Поэтому Август мог называть историка Ливия «помпеянцем»; что не означало упрёка и не воспринималось как таковой82. Никоим образом. Ливий ценил вождей партии Катона, защитников Свободы (Libertas); и он великодушно писал о Помпее, защищая его память от нападок Саллюстия. Август и Ливий — оба помпеянцы, но фальшивые. Но в эпоху Августа всё ещё существовали истинные помпеянцы, помнившие об узах личной верности либо всему дому Помпеев, либо делу, названному по его имени, порядочные люди, ценившие верность (fides) и благочестие (pietas). Язвительный оратор Лабиен был одним из них. Другим был Тиберий Клавдий Нерон (консул 13 г. до н. э., консул во второй раз в 7 г. до н. э.). Последствия его возвращения к власти в 4 г. н. э. вскоре проявились в консульских Фастах, в которых наряду с группой имён новых людей (novi homines) появились и имена выдающихся семей, ранее поддерживавших Помпея83.

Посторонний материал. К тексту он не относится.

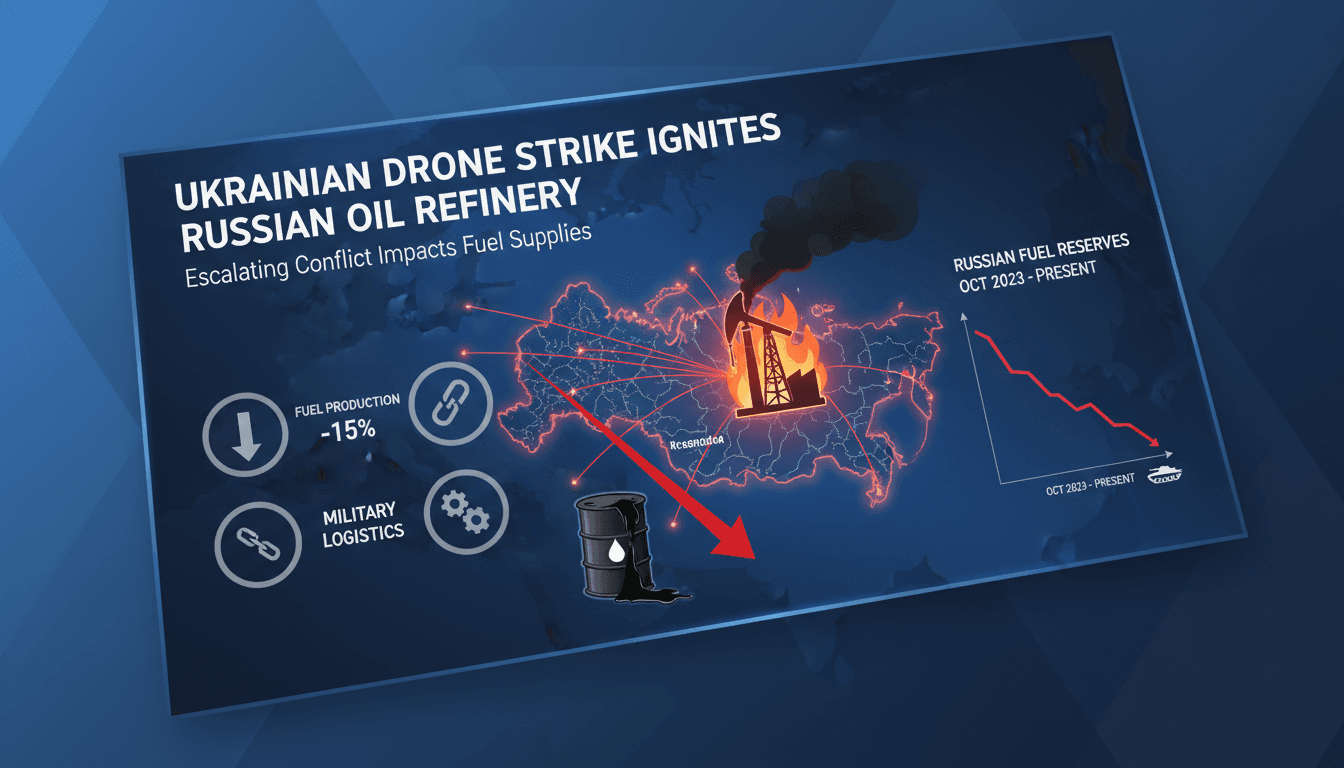 Ukrainian drone strike ignites fire at Russian oil refinery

Подведём итоги. Гипотеза о том, что мнимый перебежчик был старым соратником Помпея, не только объясняет его поведение, когда ему пришлось выбирать между Цезарем и Помпеем и освещает ранний этап его карьеры в качестве трибуна в год консульства Цицерона, но и даёт подтверждение, если оно потребуется, базовой важности патроната и уз личной преданности, верности (fides) и дружбы (amicitia) в римской политической жизни.
ПРИМЕЧАНИЯ
Эдкок высказывает дополнительное и весьма соблазнительное предположение: Лабиен возмутился продвижением Марка Антония (Adcock E. From the Conference of Luca to the Rubicon // CAH. Vol. 9. Cambridge, 1932. P. 635). Этот молодой нобиль командовал войском в 52 г. и 51 г.; а в 50 г. Цезарь агитировал в Цизальпине за то, чтобы Марка Антония избрали авгуром (BG. VIII. 50).